Just because a story has good bi representation does not necessarily mean it is going to have good lesbian representation. Just because it has good lesbian trans representation doesn't mean it will have good trans representation. Having good trans representation doesn't mean it will have good bisexual representation.
The L Word was a massive win for representation of cis lesbian women, but up until Gen Q it was horrifically transphobic in its handling of trans men and it still doesn't have an explicitly trans woman main character.
The romanceable cast of games like Dragon Age: Veilguard, Baldurs Gate 3, or Stardew Valley are all explicitly canonically bi/pan by default (since all potential romantic options are romanceable by the player character regardless of gender, barring the very rare exception), but if you want to see yourself in the game as a gay person you're limited entirely to just headcanoning your specific incarnation of the player character, unable to have your character ever explicitly voice their identity in any meaningful capacity. Same thing with Assassin's Creeds both Valhalla and Odyssey.

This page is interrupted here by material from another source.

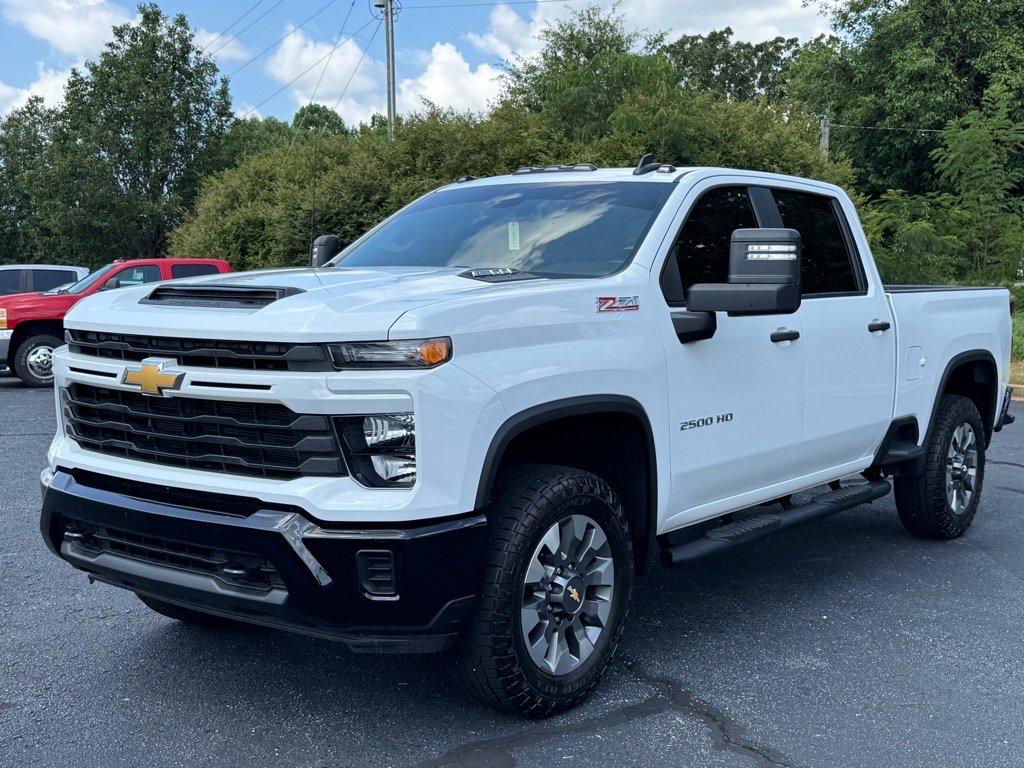 2024 Chevrolet Silverado 2500HD Custom photo 7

RWBY has a relationship between a bi woman (Blake) and a woman who is broadly generally known to be Sapphic but who's explicit canon sexuality is up for debate (Yang), and when you look at the explicitly undeniably canon lesbians we get...Ilia? A woman that only gets to be an actual character for a volume before getting written out entirely alongside Sun and Neptune. Maybe Jaune's moms, but they're more plot device than characters. Gay men get the Bury Your Gays in Clover and offensive stereotyping in Scarlett. Trans women get May Marigold the glorified background extra (who's VA was on the receiving end of horrific transmisogynistic abuse from fans and staff alike).
Side note: I hate the "Unlabeled Broadly Sapphic" type of rep for precisely this reason. Well, that, and the fact that any attempt at interpreting the supposedly unlabeled characters as anything other than bi/pan is loudly shouted down as Bi/Pan Erasure (which BTW, calling this out as Bi/Pan Erasure detracts from actual instances of Bi/Pan Erasure). I mean, we all saw the collective shit fit Comic Twitter threw when G. Willow Wilson called Poison Ivy a lesbian, right?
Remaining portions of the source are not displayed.